En la plaza junto al bar hay un par de mesas concurridas. En una los jóvenes solteros y en otra las parejas, muchas de ellas con niños que corren y pedalean en libertad. Todos hablan con un ligero acento gallego, y dicen palabras como «rapaz». Aquí está la última fuente que se ha limpiado, en la que viven un par de peces que nadie sabe muy bien de quién son, y que permanecen en un cubo hasta que el chaval que los custodia recibe la orden: «¡Tira los peixes ya pa'dentro!».

Luego van los atenazadores a vestirse. En secreto. A un almacén donde comparten espacio con un tractor moderno y una cantidad indescriptible de objetos. Maderas, bidones, vigas, herramientas, una hormigonera. En un gran arcón metálico se guarda el vestuario, compuesto de pantalones de pana y camisas que parecen sacadas de un montón de tres a un euro.
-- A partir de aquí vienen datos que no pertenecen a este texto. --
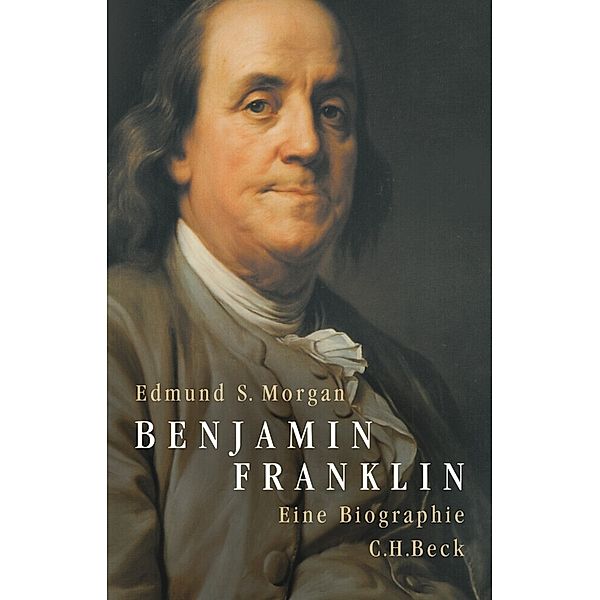 Benjamin Franklin, Edmund Morgan
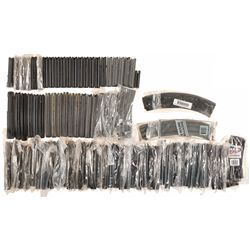Huge Grouping of High Capacity AR-15 and Mini-14 Magazines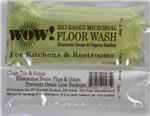 WOW! Bio-Based Microbial Floor Wash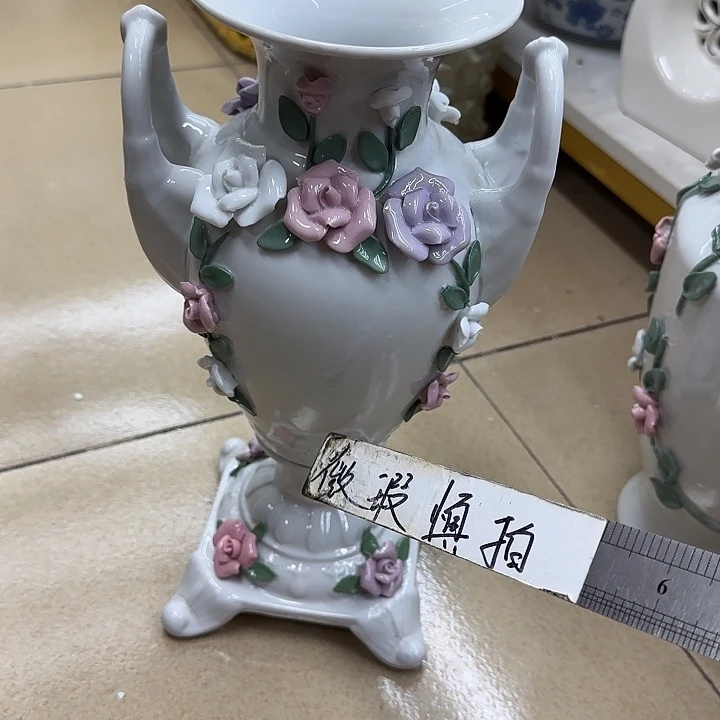 摆件陶瓷艺术陶瓷工艺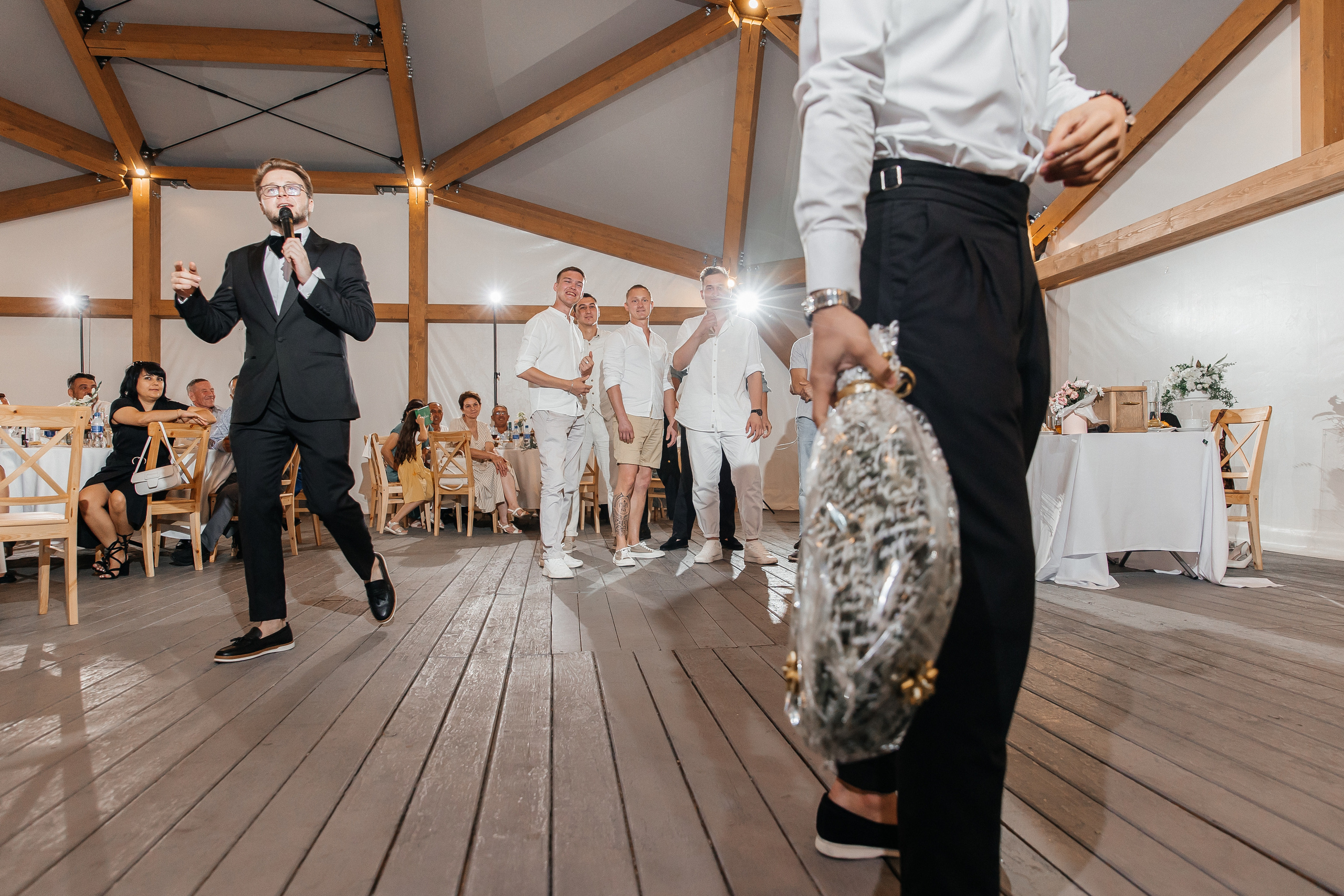 Зинур и Света. Свадебный фотограф Уфа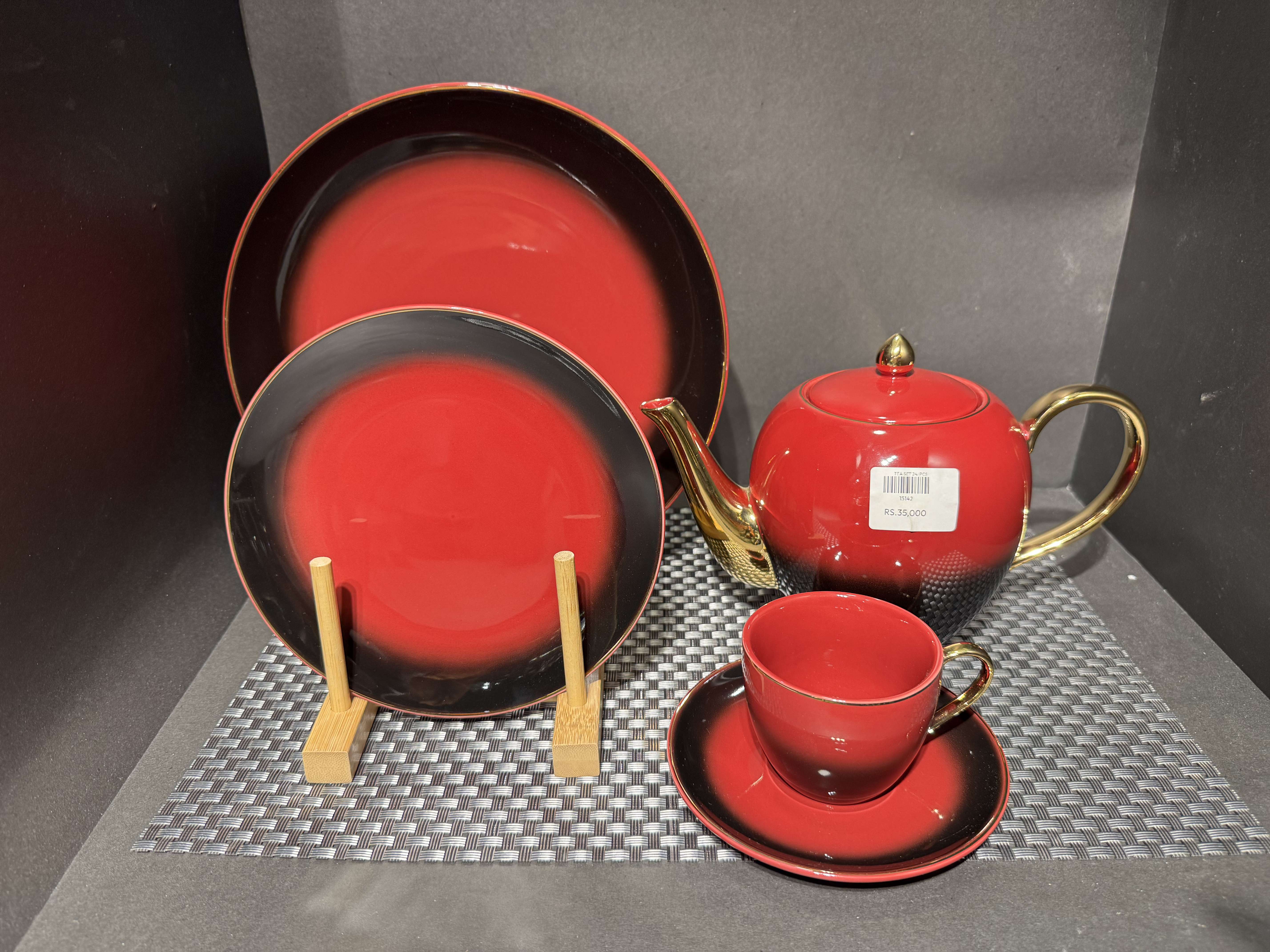 Tea Set 24/pcs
Llevan también botas y polainas y una máscara de corcho cubierta de piel de oveja. Un zamarro por la espalda y en la cintura una ristra de cencerros con los que avisan de su llegada. Y, por supuesto, las enormes tenazas articuladas que les dan nombre.

A cámara lenta

Para la recuperación de esta mascarada se quejan Iván y Adrián de la falta de apoyo que reciben de las instituciones. Señalan un antiguo molino, con el tejado hundido, que pidieron al Ayuntamiento para poder utilizar como sede de la asociación y que seguramente acabará en la ruina total antes de que reciban una respuesta. Muchas de estas construcciones de piedra van cediendo al paso de los años, viviendas y corrales que compondrían un paisaje interesante para atraer algo de actividad al pueblo.«Creemos que mantener vivas las tradiciones es una forma útil de hacer que la vida mejore, de salvar todo lo que de valioso hay en estas tierras que, de otra manera, están condenadas a desaparecer», dice Adrián.
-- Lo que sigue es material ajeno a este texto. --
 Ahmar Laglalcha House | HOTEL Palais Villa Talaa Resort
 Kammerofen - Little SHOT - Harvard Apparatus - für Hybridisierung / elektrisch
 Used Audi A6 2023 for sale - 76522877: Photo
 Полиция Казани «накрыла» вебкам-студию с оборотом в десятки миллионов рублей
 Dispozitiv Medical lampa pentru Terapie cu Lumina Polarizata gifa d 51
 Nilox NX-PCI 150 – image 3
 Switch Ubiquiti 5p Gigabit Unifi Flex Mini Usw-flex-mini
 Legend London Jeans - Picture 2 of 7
Los tres atenazadores salen y resulta imposible que lo hagan en silencio con el escándalo de las esquilas. Será un paseo simbólico, corto. Una forma de desafiar a los malos tiempos sin que ninguna autoridad se pueda sentir molesta. Algún vecino despistado recibe un susto, otros miran con sorpresa porque no esperaban ver a estos personajes tan característicos por las calles. Todo ocurre a cámara lenta, en la mayoría de las callejuelas no hay nadie, ningún espectador al que sobresaltar, pedir dinero o tirar ceniza. Y la fiesta, que no lo es porque la soledad le priva de su significado, se transforma en una especie de exorcismo. Como si los tres enmascarados pudieran atrapar el mal con sus tenazas y ser, por una vez, los buenos de la historia.